Tableau récapitulatif des 8 classes
| Classe | Intitulé | Rôle | Rattachement |
|---|---|---|---|
| 1 | Capitaux | Capital, réserves, emprunts, provisions | Bilan (passif) |
| 2 | Immobilisations | Biens durables, corporels et incorporels | Bilan (actif) |
| 3 | Stocks et en-cours | Marchandises, matières, produits | Bilan (actif) |
| 4 | Tiers | Clients, fournisseurs, État, personnel | Bilan (actif/passif) |
| 5 | Financiers | Banque, caisse, placements | Bilan (actif) |
| 6 | Charges | Achats, services, salaires, dotations | Compte de résultat |
| 7 | Produits | Ventes, prestations, produits financiers | Compte de résultat |
| 8 | Comptes spéciaux | Engagements hors bilan, comptes techniques | Hors états principaux |
Un exemple concret d’écriture
Prenons une vente de marchandises de 1 000 € HT, avec une TVA de 20 % (à titre indicatif, sous réserve de la réglementation en vigueur), réglée immédiatement par le client sur le compte bancaire. L’écriture mobilise trois classes à la fois :
- compte 512 « Banque » (classe 5) débité de 1 200 € ;
- compte 707 « Ventes de marchandises » (classe 7) crédité de 1 000 € ;
- compte 44571 « TVA collectée » (classe 4) crédité de 200 €.

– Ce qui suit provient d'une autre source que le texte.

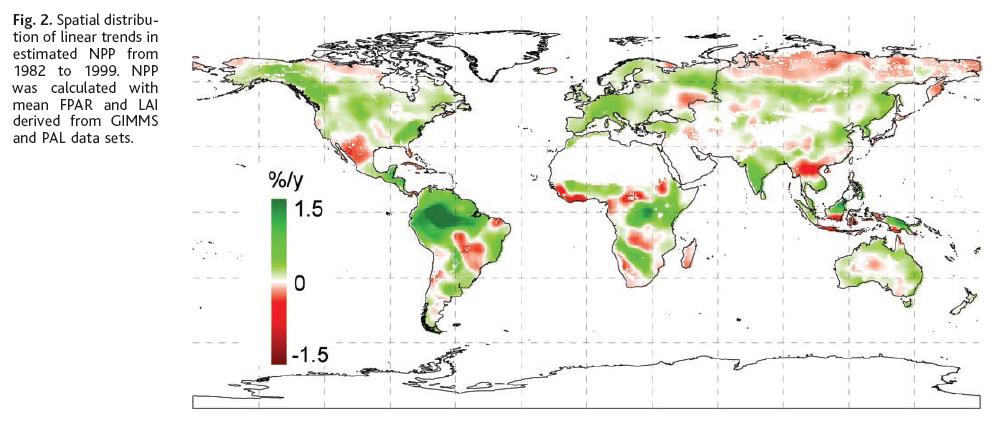 4. Retroalimentações biogeoquímicas no aquecimento global Nemani et al., Science 2003 Vegetação sequestra carbono e está sequestrando cada vez mais intensamente!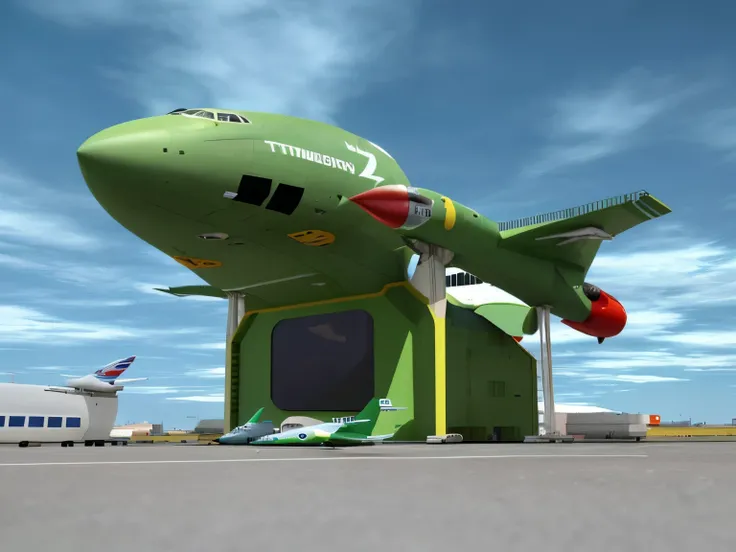 Alafren jetliner sitting on the runway with runway and buildings in the background, Thunderbird 2, depicted as a 3 d render, duck themed spaceship, cartoon fantasy spaceship, duck-shaped spaceship, thunderbird, Spaceship landed in the background, Big stran...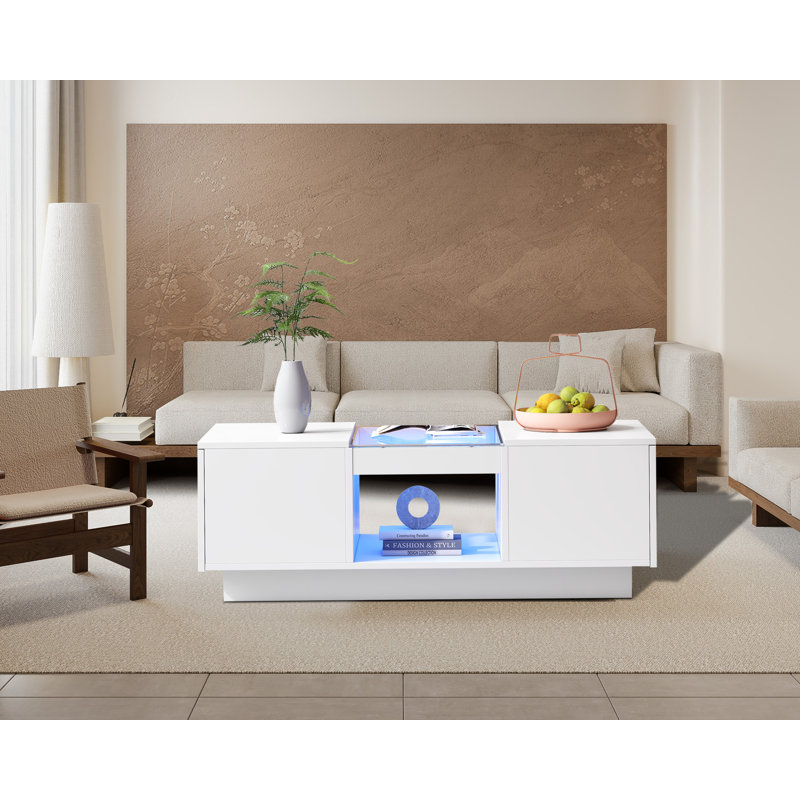 Solid Coffee Table with Storage, White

Cet exemple montre comment la logique en classes du plan comptable général permet de ventiler une opération unique entre trésorerie, produit et dette fiscale, en un seul mouvement équilibré.
PCG et pilotage de l’entreprise
Bien tenu, le plan comptable général devient un outil de pilotage. En analysant l’évolution des comptes de charges (classe 6) et de produits (classe 7), un dirigeant identifie ses marges, ses postes de dépenses à optimiser et ses relais de croissance. Pour un accompagnement dans la structuration financière et la gestion de vos projets, notre partenaire Dinergie propose un conseil adapté aux besoins des dirigeants.
La régularité est la clé : des comptes tenus à jour, correctement ventilés dans les bonnes classes, donnent une image fidèle et exploitable. Pour découvrir l’ensemble de nos ressources sur la gestion et la comptabilité, explorez notre page d’accueil et nos guides pratiques.
Questions fréquentes
Le plan comptable général est-il obligatoire ?
Oui, le PCG constitue le cadre de référence obligatoire pour toute entreprise tenue à une comptabilité commerciale en France. Les micro-entreprises soumises au régime micro-BIC ou micro-BNC bénéficient d’obligations allégées, mais dès qu’une comptabilité en partie double est requise, le PCG s’applique.
Combien y a-t-il de classes de comptes ?
Le plan comptable général compte huit classes, numérotées de 1 à 8. Les classes 1 à 5 concernent le bilan, les classes 6 et 7 le compte de résultat, et la classe 8 regroupe des comptes spéciaux comme les engagements hors bilan.
Quelle différence entre comptes de bilan et comptes de gestion ?
Les comptes de bilan (classes 1 à 5) décrivent le patrimoine et se reportent d’un exercice à l’autre. Les comptes de gestion (classes 6 et 7) enregistrent les flux de l’année et sont soldés à la clôture pour déterminer le résultat.
Comment lire un numéro de compte ?
Le premier chiffre indique la classe, les chiffres suivants précisent le compte. Par exemple, 401 désigne un compte de tiers (classe 4), plus précisément les dettes fournisseurs. Plus le numéro est long, plus le compte est détaillé.
Peut-on personnaliser son plan de comptes ?
Oui, chaque entreprise peut créer des sous-comptes adaptés à son activité, à condition de respecter la structure des huit classes et la logique de numérotation du PCG. On parle alors de plan comptable adapté à l’entreprise.
En résumé
Le plan comptable général est la colonne vertébrale de la comptabilité française : huit classes de comptes, une numérotation emboîtée, une séparation nette entre comptes de bilan et comptes de gestion. Maîtriser cette organisation, c’est comprendre comment se construisent le bilan et le compte de résultat, savoir où loger chaque opération et, au final, mieux piloter son entreprise. Que vous teniez vous-même vos comptes ou que vous les confiiez à un professionnel, connaître la logique du PCG vous rend acteur de votre gestion.